CREATE TABLE imdb.title_principals (
tconst varchar(20) NOT NULL,
"ordering" int2 NOT NULL,
nconst varchar(20) NULL,
category varchar(50) NOT NULL,
job text NULL,
"characters" text NULL,
CONSTRAINT title_principals_pkey PRIMARY KEY (tconst, ordering),
CONSTRAINT title_principals_title_basics_fk FOREIGN KEY (tconst) REFERENCES imdb.title_basics(tconst) ON DELETE CASCADE ON UPDATE RESTRICT
);
CREATE INDEX title_principals_nconst_idx ON imdb.title_principals USING btree (nconst);


-- imdb.title_ratings definition

-- Drop table

-- DROP TABLE imdb.title_ratings;

CREATE TABLE imdb.title_ratings (
tconst varchar(20) NOT NULL,
average_rating numeric(3, 1) NULL,
num_votes int4 NOT NULL,
CONSTRAINT title_ratings_check CHECK ((((num_votes > 0) AND (average_rating >= (0)::numeric) AND (average_rating <= (10)::numeric)) OR ((num_votes = 0) AND (average_rating IS NULL)))),
CONSTRAINT title_ratings_num_votes_check CHECK ((num_votes >= 0)),
CONSTRAINT title_ratings_pkey PRIMARY KEY (tconst),
CONSTRAINT fk_title_ratings_title_basics FOREIGN KEY (tconst) REFERENCES imdb.title_basics(tconst) ON DELETE CASCADE ON UPDATE RESTRICT
);

Below 3291 people are present in title_principals, but missing from name_basics.
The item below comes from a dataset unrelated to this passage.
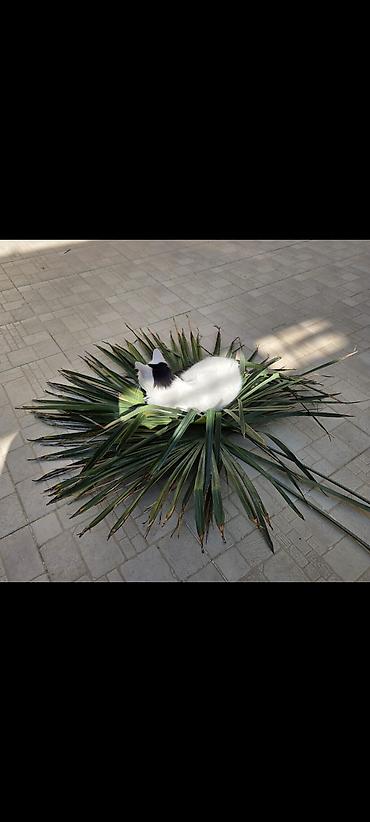 Cutleşdirmek ucun dişi pişik axtarilir, butun lazim olan dermanlar - şəkil 2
That’s why I have to drop the fk_title_principals_name_basics constraint.

1
2
3
4
5
6
SELECT tp.nconst , COUNT(*) as count
FROM imdb.title_principals tp
LEFT JOIN imdb.name_basics nb ON tp.nconst = nb.nconst
WHERE nb.nconst IS NULL
GROUP BY tp.nconst
ORDER BY count DESC;

Also, need to convert text format of directors, writers column of title_crew to list format.